- _DATA LISTING_
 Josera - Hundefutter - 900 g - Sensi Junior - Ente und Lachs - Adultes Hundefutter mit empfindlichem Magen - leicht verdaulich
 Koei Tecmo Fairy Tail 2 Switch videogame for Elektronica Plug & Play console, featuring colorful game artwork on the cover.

...

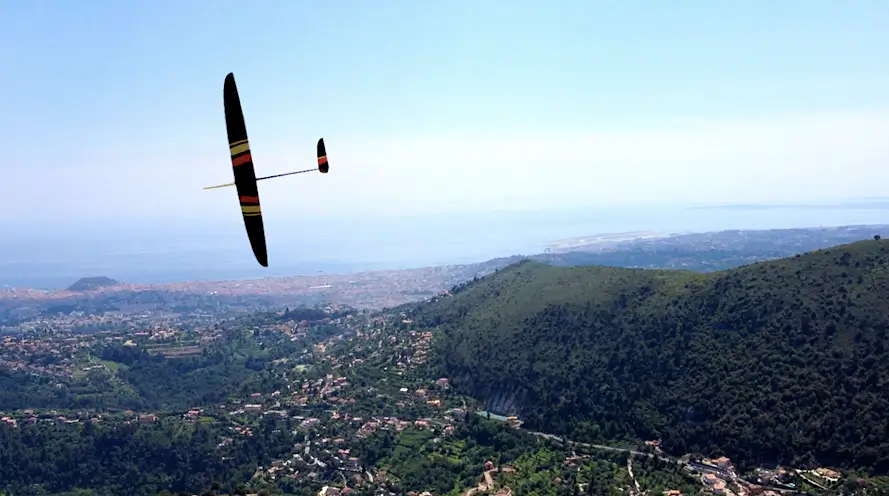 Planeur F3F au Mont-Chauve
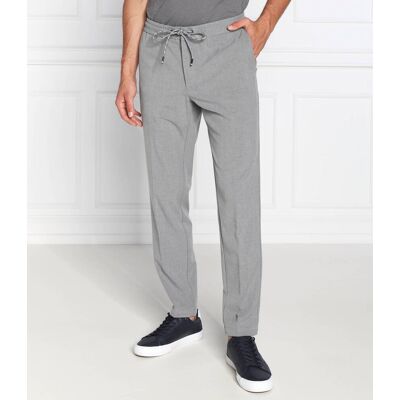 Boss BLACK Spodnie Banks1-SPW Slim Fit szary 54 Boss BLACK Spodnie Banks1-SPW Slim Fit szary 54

- _THE PROBLEM_
Between and including the line with "Planeur F3F au Mont-Chauve" and the line with "Boss BLACK Spodnie Banks1-SPW Slim Fit szary 54 Boss", repeat every line exactly as it appears above, with pictures left out.

- _WRITTEN RESPONSE_
 Planeur F3F au Mont-Chauve
 Boss BLACK Spodnie Banks1-SPW Slim Fit szary 54 Boss BLACK Spodnie Banks1-SPW Slim Fit szary 54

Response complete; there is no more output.